Lara Hübner González
Reseña biográfica-artística:
Andrés Pérez nace en Punta Arenas en 1951. En 1964 se traslada a Tocopilla, donde ingresa al Seminario de la Sagrada familia. Posteriormente, en 1971, entra a la escuela de teatro en la Universidad de Chile, debiendo abandonar sus estudios tras el golpe militar. En 1975 vuelve a la universidad. En 1980 funda el Teatro Urbano Contemporáneo (TEUCO), con el que realiza montajes callejeros. En 1983 funda la Compañía Teatro Callejero, el mismo año es becado por el Instituto Chileno Francés para integrarse al Théâtre du Soleil. En 1986, dirige la obra callejera Todos estos años, que recorrió Santiago, especialmente las poblaciones. En 1988 dirige la performance callejera Sí/No y el mismo año funda la Compañía Gran Circo Teatro, que monta La negra Ester, basada en las décimas de Roberto Parra. En 1990 dirige Época 70: Allende, estrenada en Zürich. En 1992 dirige Noche de Reyes y Ricardo II, además de Popol Vuh.
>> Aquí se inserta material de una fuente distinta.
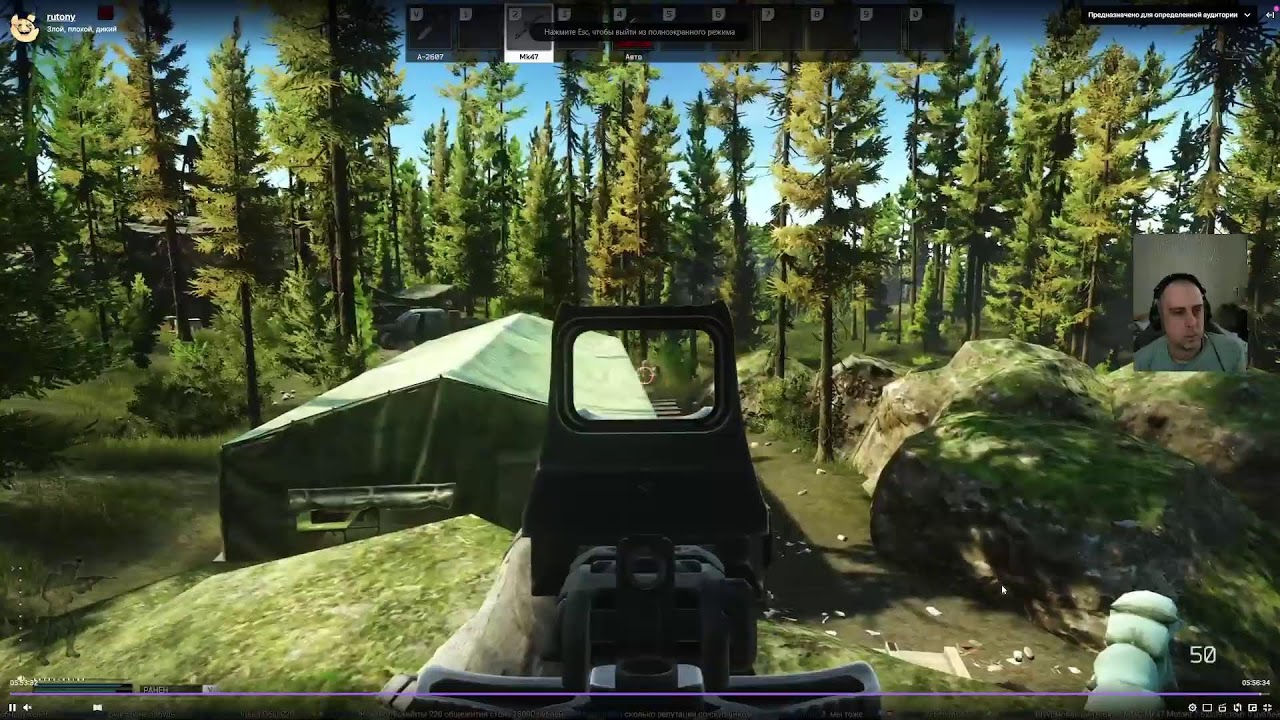 Скрипт получения цен для Escape from Tarkov для #rutonychat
En 1995 dirige El desquite de Roberto Parra y la Consagración de la pobreza de Alfonso Alcalde. En 1996 dirige La Pérgola de las flores de Isidora Aguirre. En 1997, Tomás de Malucha Pinto y Sueño de una noche de verano. En 1998 dirige Madame de Sade de Mishima, que se estrena pocas semanas después de la versión de Rodrigo Pérez. En 1999, Nemesio Pelao, ¿qué es lo que te ha pasao? de Cristián Soto. En 2000, Voces en el barro de Mónica Pérez, Visitando el Principito, basada en el texto de Saint-Exupéry y Chañarcillo de Acevedo Hernández. En 2001, dirige, actúa y es diseñador escénico de su obra La huida. Muere en enero de 2002, en el Hospital San José.